Page 46 of The Darkest Half

The atmosphere in the room changes dramatically. Victor Faust is the leader here, and while Lysandra Hollis has been his voice in the past in all matters of love and emotion when it came to me, she is not his voice here and now or any other time. And he means to make that fact perfectly clear. To everyone.

“What was the reason for everything, you ask?” he says. “I will tell you.”
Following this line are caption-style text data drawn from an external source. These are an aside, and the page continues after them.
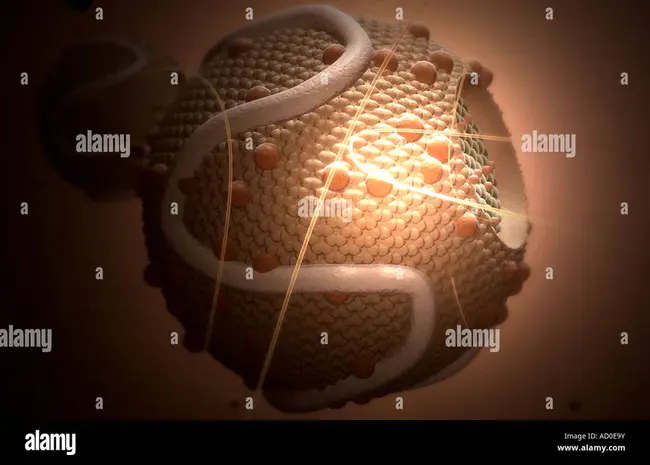 High-Density Lipoprotein : 高密度脂蛋白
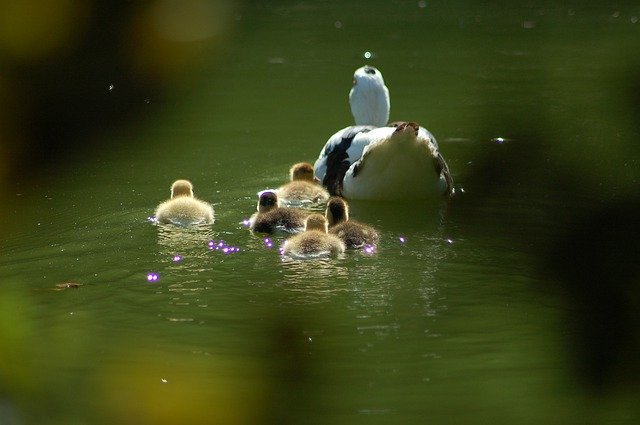 Descarga gratuita Ducklings Duck Chicks: foto o imagen gratuita para editar con el editor de imágenes en línea GIMP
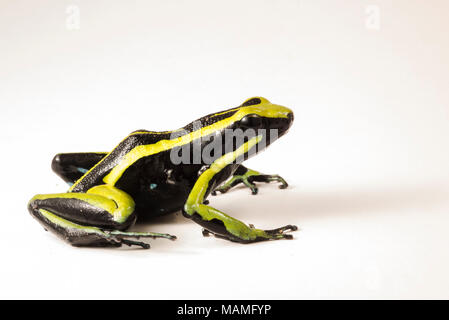 A three striped poison frog (Ameerega trivittata) isolated on white. This poison frog relies on potent toxins to defend it from predators. Stock Photo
“Von—Victor, what are you doing?” Lysandra appears worried suddenly; her brows have drawn inward sharply. And she had started, I think, to call him Vonnegut instead of Victor.

Without looking at her, he says, “Questioning me, Hollis will only serve to sign your death warrant.” He turns his head slowly, threateningly, to look at her. “Is there anything else you’d like to say?”

Lysandra pauses, wanting, more than anything, to say something, but in the end, she chooses life.

Victor turns to me again. Those eyes look just like those I’d stare into when he was fu—making love to me, yet they now appear to be lacking something. Oh, yes, the fucking love! The subtle lines on his face are the same as I remember when I’d brush my fingertips down his smooth skin. The curve of his lips, the same ones I used to kiss with my own, is the same but seem so cold and uninviting.

I feel dizzy all of a sudden and lay my head back down on the floor. Victor’s face fades in and out of my vision; the room spins; voices sound so far away. Voices? But no one else is talking…

Is this real? No…maybe it is all just in my head.

I want to believe that so desperately, and I convince myself for a moment, but not long enough.

“You had to be tested,” Victor says, and his voice is what takes my hope of a hallucination away. “And this was the only way.”

22

Izabel

“Tested?” I grit my teeth, and it hurts my gums. “All of this…was just…a test? When…did it start?” I can’t catch my breath, and I don’t know how much longer I can do this; how much longer until I pass out or die. I think the only thing keeping me awake or alive is burning anger.

Victor glances over in James Woodard’s direction.

Why is he looking at James? It’s as though he’s searching for something—but what?

And Lysandra appears more worried than before when she spoke out against Victor explaining anything to me. She sits on that chair, shoulders rigid, the inside of her bottom lip tucked between her teeth, her legs crossed.

Victor turns back to me.

“It’s not important,” he says. “What’s important is that you decide now what path you’re going to take.”

“Path?” I blink, stunned and offended even. “You really think…after everything…you’ve done to me, to your brother…that I’d ever choose…to follow you?” I glare at him icily, and at the same time, my head spins, and I feel like I’m going to throw up, but there’s nothing in my stomach to purge.

“Not even to save your own life?” he asks.

“No! Fucking no!” I answer quickly, not even having to think about it. “I could never…work for…someone I can’t trust. And you—”

“What about someone you love?” Victor asks.

My mouth snaps closed, and I hear a sharp breath intake, realizing it is my own.

“You’re…talking to me about love?”

“Yes.”

“Tell me, Victor,” I spit his name out like something bitter on my tongue, “why in hell would you…want anyone working for The Order…who has been compromised by love?” It wasn’t the question I had been about to ask; I was going to ask him if he loved me, but at the last second, I realized I don’t want an argument like that to be on display for everybody else in this room. And truthfully, I’m afraid to hear his answer. Because no matter that he betrayed me, I still love him. Love doesn’t just vanish into thin air no matter what the other person has done; it takes time. But love him or not, I’ll never forgive him for what he did, and I’ll never follow him, or…be with him again.

Victor slides his hands into the pockets of his dress pants and paces a few times.

“Hollis was wrong,” he begins, not looking at me, “when she said she spoke for me because I don’t know what love is.”

Lysandra’s head snaps around; her eyes blaze at him, but he’s not looking at her.

“She did speak for me,” he goes on, “helped me to know all the right things to say to a woman, but she couldn’t keep me from the inevitable.”